◆ Task prompt ◆
Starting at the line that contains "NEW OEM 183247 Volvo Penta Bearing 0820", output each line exactly as written through the end of the listing below, but leave out the pictures.

◆ Raw data ◆
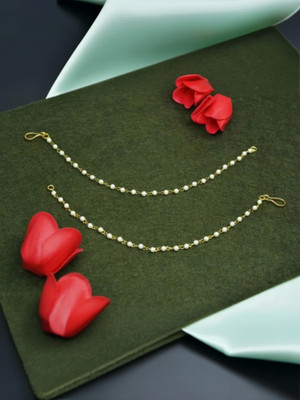 lucylove 1 layered kaan chain earchain white perl Mother of Pearl Brass Ear Thread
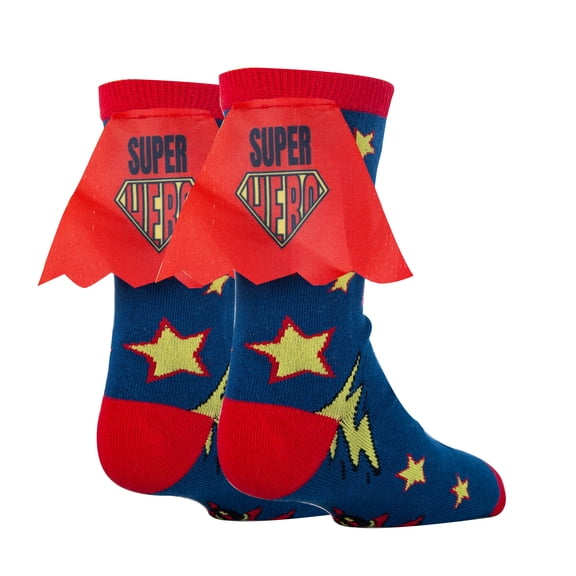 Kids Funny Crazy Silly Crew Socks, Novelty Cotton Dress Socks for Boys & Girls, Super Hero, Size 1-5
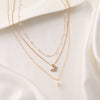 Wholesale Multilayer Pearl Diamond Butterfly Pendant Necklace For Ladies In Ins Style Alloy Material With Electroplating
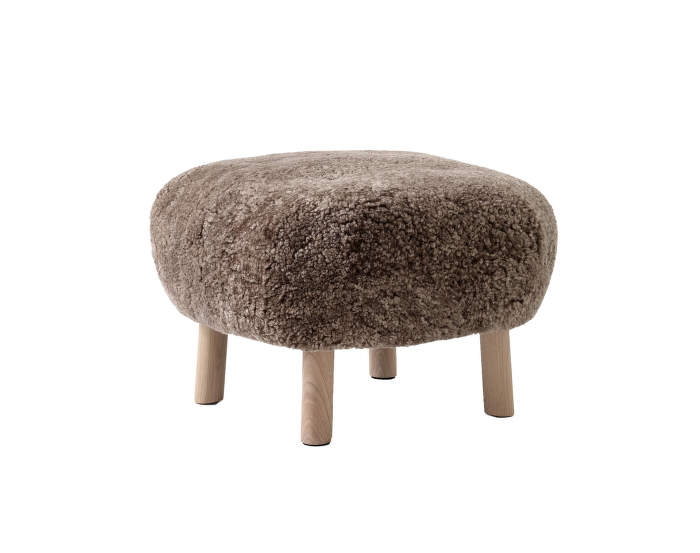 Pouf Little Petra, oak / Sheepskin Sahara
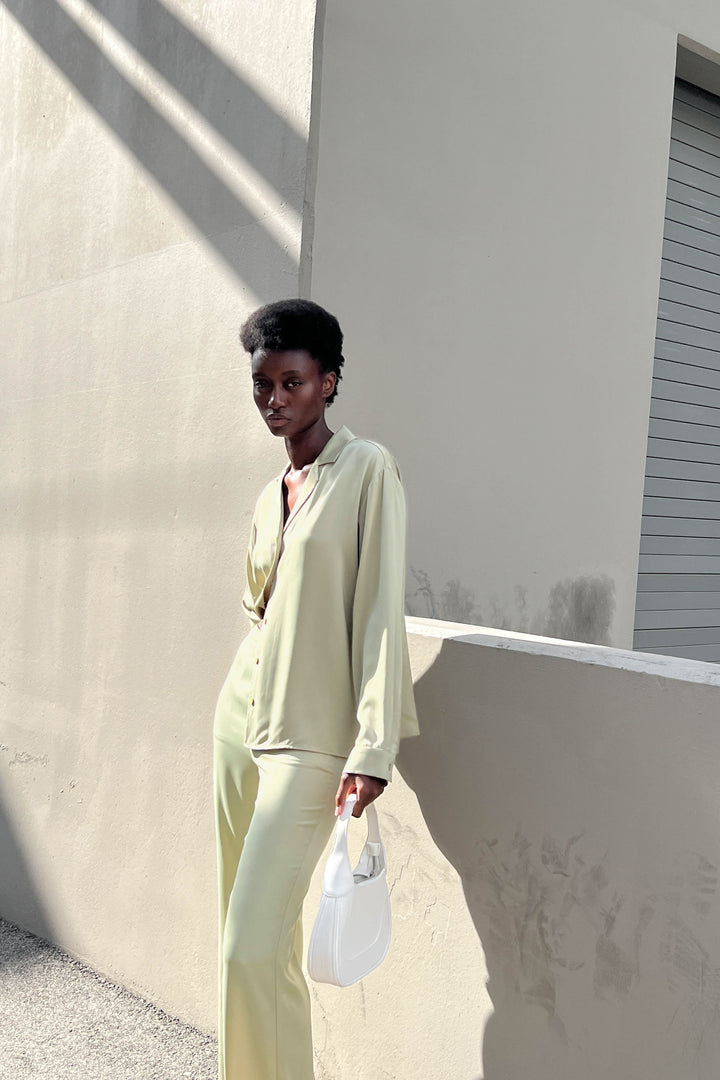 SATIN BUTTON UP BLOUSE in Elm — alternate angle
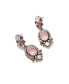 ფოტო #1 პროდუქტის Women's Pink Oval Stone Drop Earrings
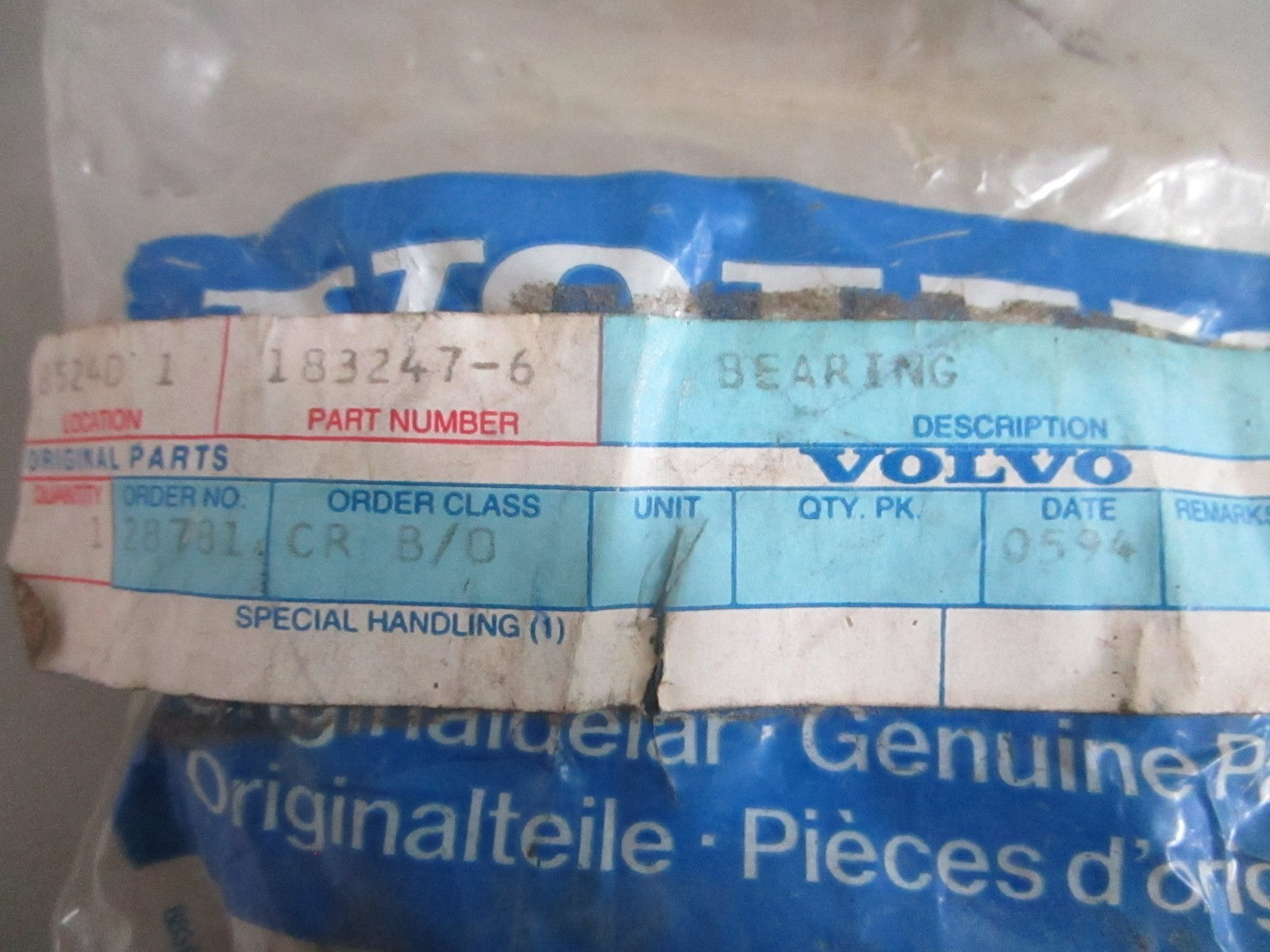 NEW OEM 183247 Volvo Penta Bearing 0820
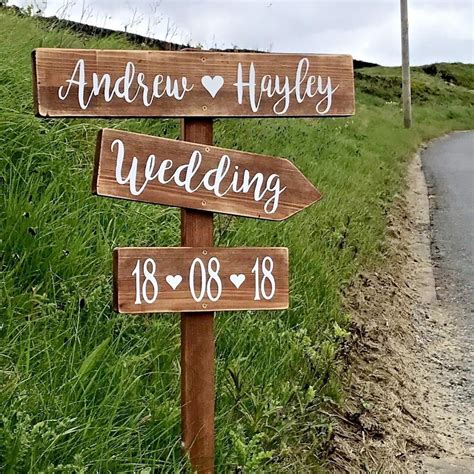 Large Wedding Signpost Personalised Rustic Wooden Wedding This Etsy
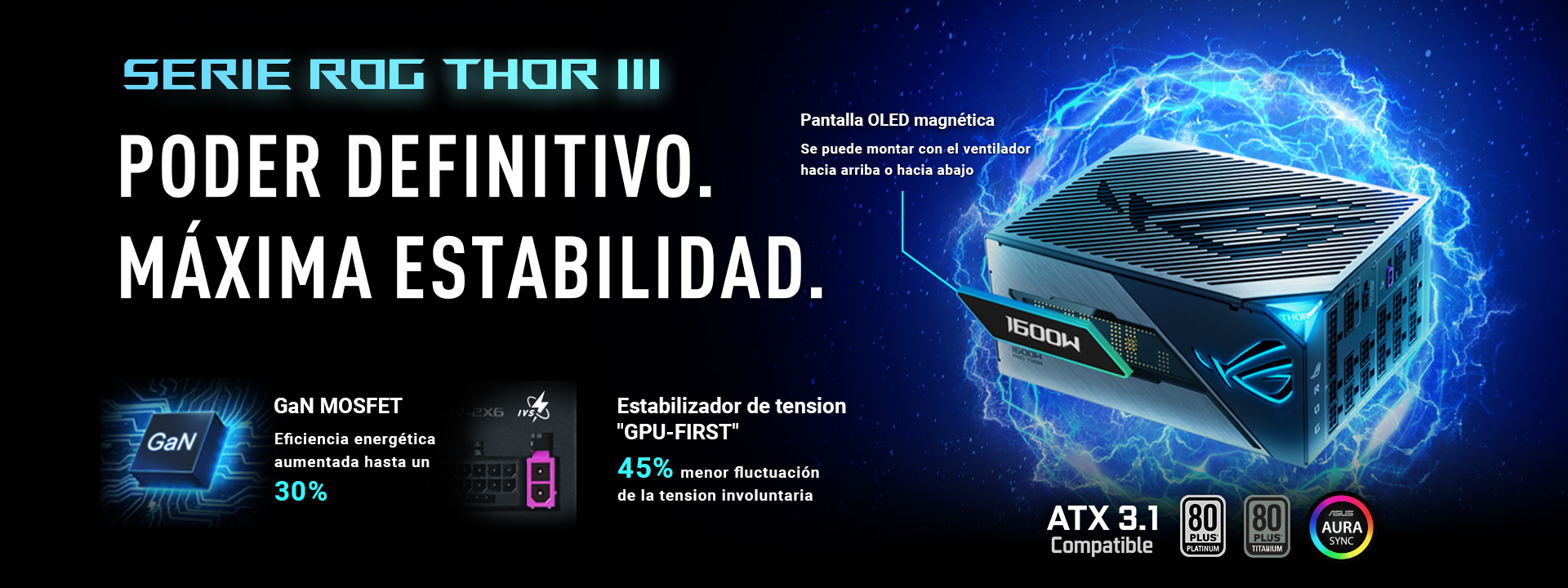 Imagen estilizada del ROG Thor 1600W Titanium III, que parece flotar rodeado de energía.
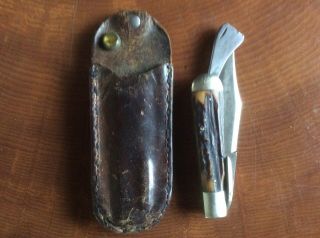Vintage Made In Usa Marbles Safety Folding Knife Hunting Knife And Sheath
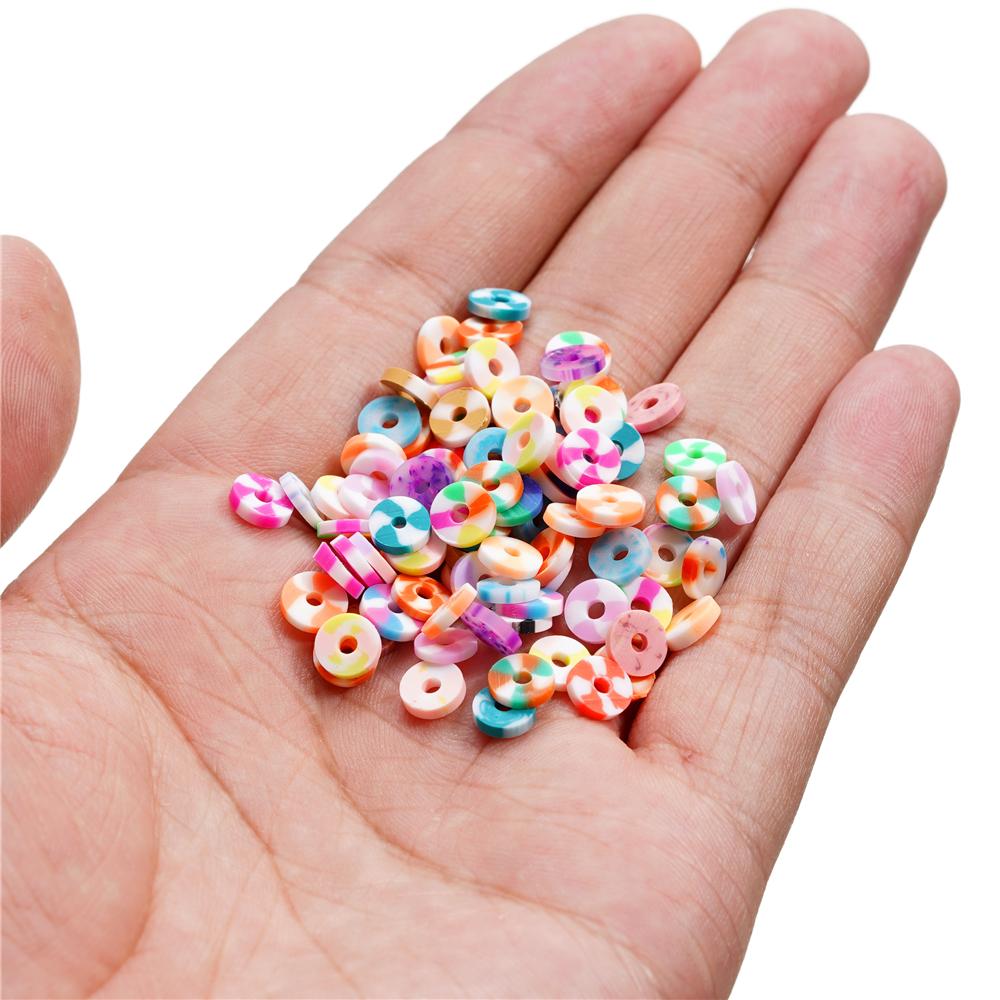350pcs 6mm Flat Round Polymer Clay Beads Loose Spacer Beads for Jewelry Making DIY Needlework Bracelet Necklace Accessories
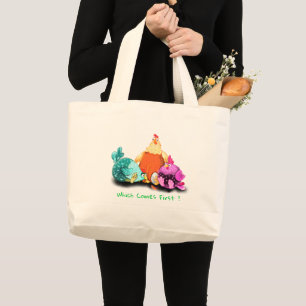 Grand Tote Bag Drôle Poulets En Attente Oeuf À Hatch - Texte Pers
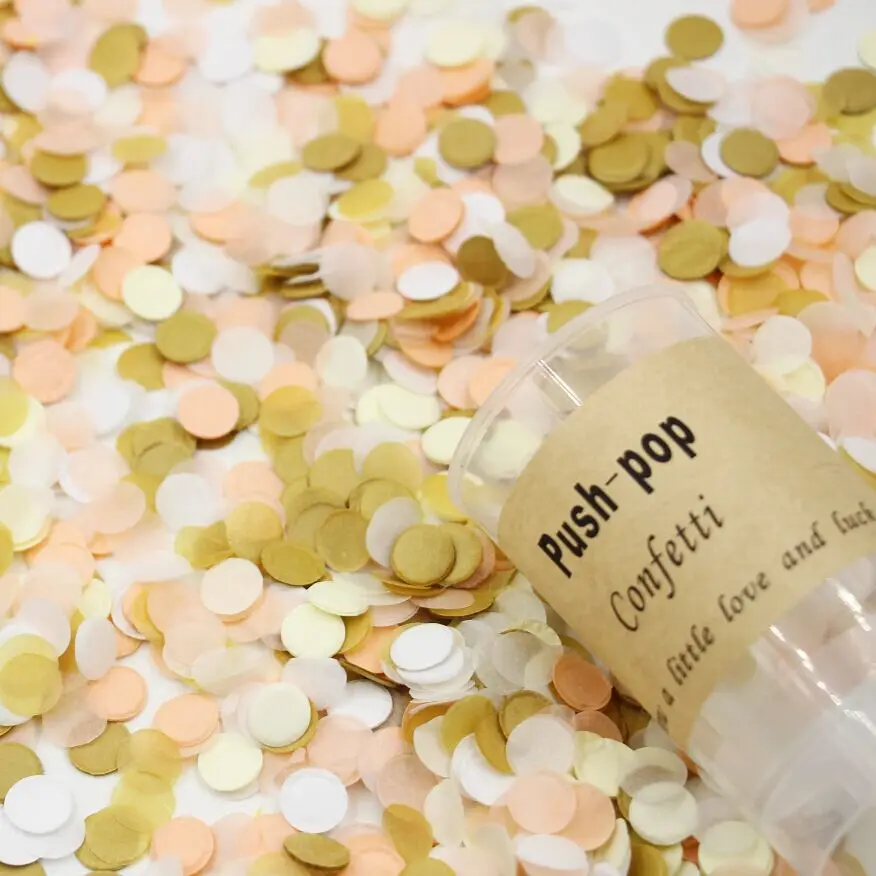 Персик и золото Партия Конфетти-конфетти из папиросной бумаги Декор партии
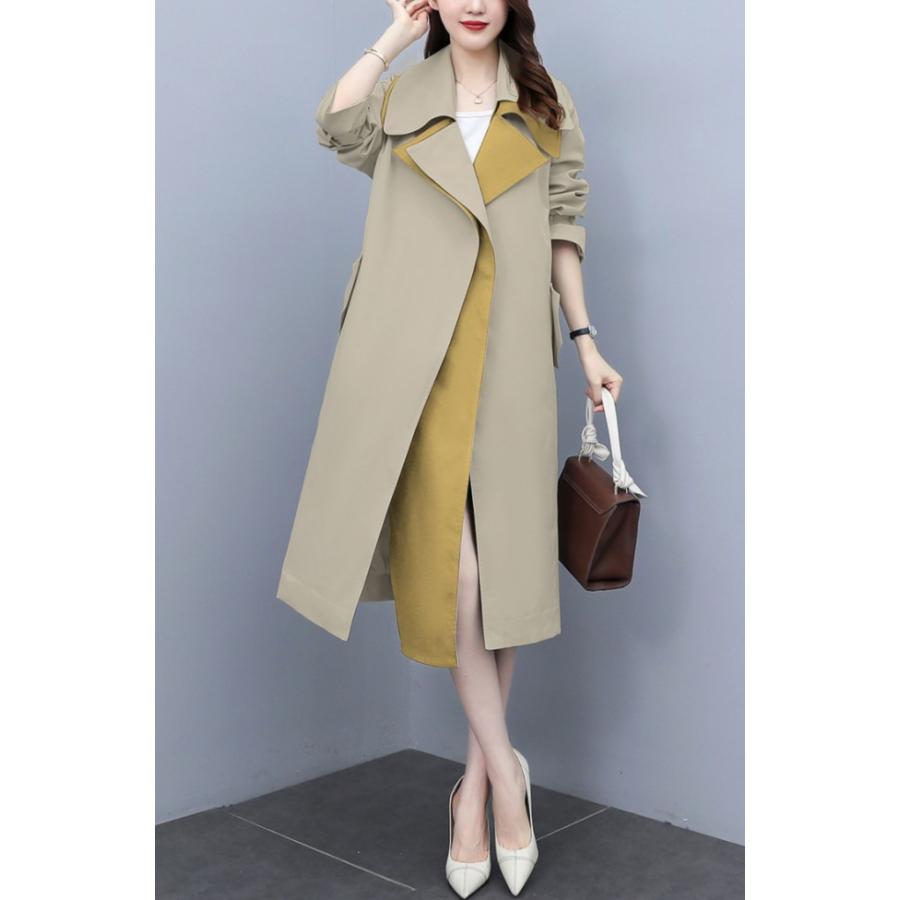 トレンチコート レディース ロング 春 秋 アウター ロングコート 黒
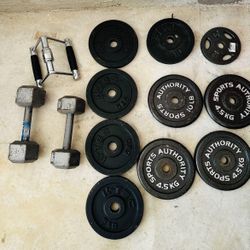 Weight Plates Plus Dumbbells + Curl Bar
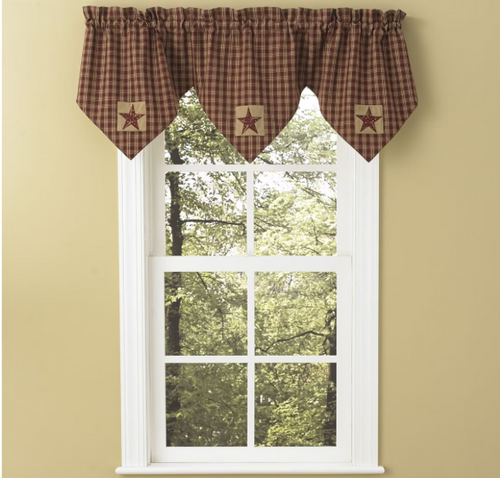 Sturbridge Patch Lined Triple Point Valance - Wine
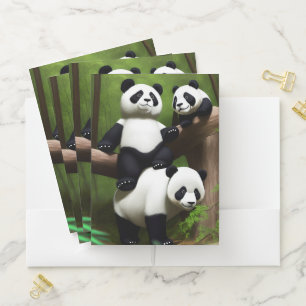 Cute Panda Bears Pocket Folder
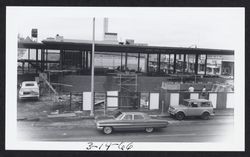 Front of the Sonoma County library during construction looking west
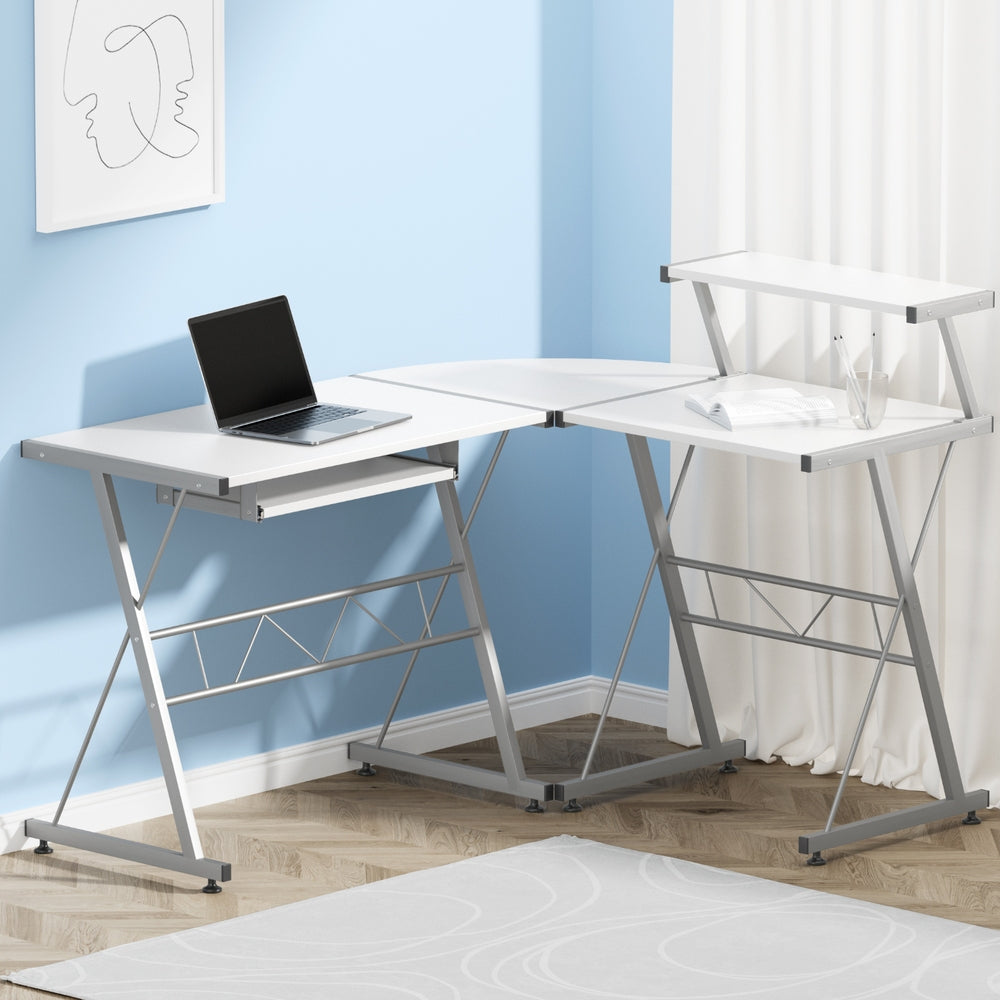 Artiss Computer Desk L-Shape Keyboard Tray Shelf White-Furniture &gt; Office-PEROZ Accessories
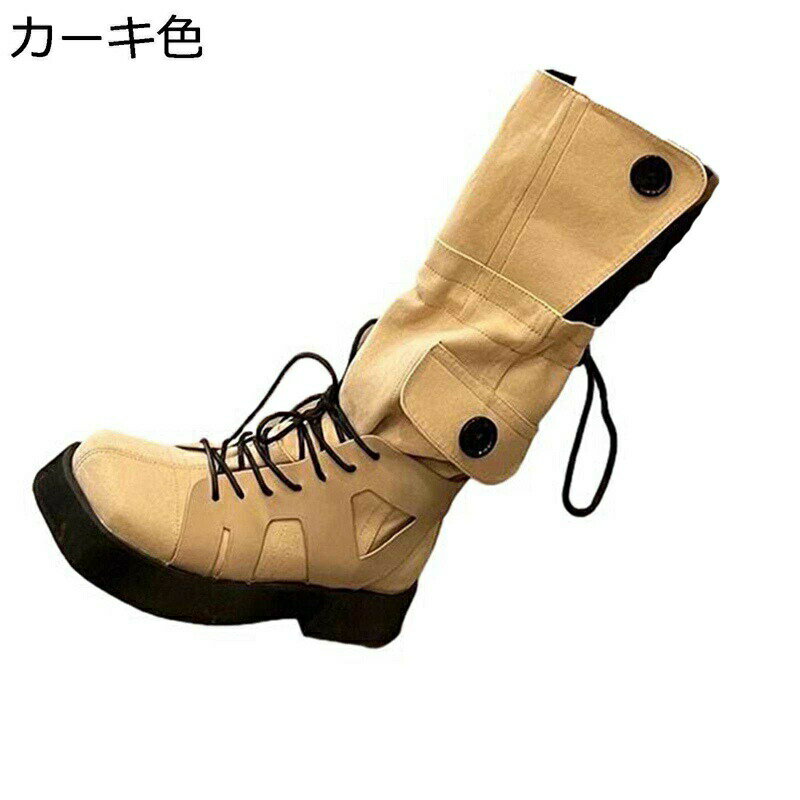 編み上げ デ二ム ロングブーツ レディース 長ブーツ ロング丈 太ヒール ミドルヒール スクエアトゥ ファスナー 秋冬 美脚 柔軟性 安定感 ファッション オシャレ 滑りにくい 日常 普段使い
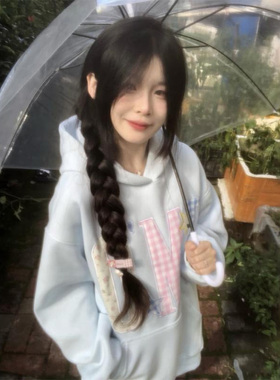 国潮牌美式甜妹奶蓝色刺绣连帽卫衣女oversize秋冬小个子休闲外套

◆ The completed task ◆
 NEW OEM 183247 Volvo Penta Bearing 0820
 Large Wedding Signpost Personalised Rustic Wooden Wedding This Etsy
 Imagen estilizada del ROG Thor 1600W Titanium III, que parece flotar rodeado de energía.
Vintage Made In Usa Marbles Safety Folding Knife Hunting Knife And Sheath
350pcs 6mm Flat Round Polymer Clay Beads Loose Spacer Beads for Jewelry Making DIY Needlework Bracelet Necklace Accessories
 Grand Tote Bag Drôle Poulets En Attente Oeuf À Hatch - Texte Pers
 Персик и золото Партия Конфетти-конфетти из папиросной бумаги Декор партии
 トレンチコート レディース ロング 春 秋 アウター ロングコート 黒
 Weight Plates Plus Dumbbells + Curl Bar
 Sturbridge Patch Lined Triple Point Valance - Wine
 Cute Panda Bears Pocket Folder
 Front of the Sonoma County library during construction looking west
 Artiss Computer Desk L-Shape Keyboard Tray Shelf White-Furniture &gt; Office-PEROZ Accessories
 編み上げ デ二ム ロングブーツ レディース 長ブーツ ロング丈 太ヒール ミドルヒール スクエアトゥ ファスナー 秋冬 美脚 柔軟性 安定感 ファッション オシャレ 滑りにくい 日常 普段使い
 国潮牌美式甜妹奶蓝色刺绣连帽卫衣女oversize秋冬小个子休闲外套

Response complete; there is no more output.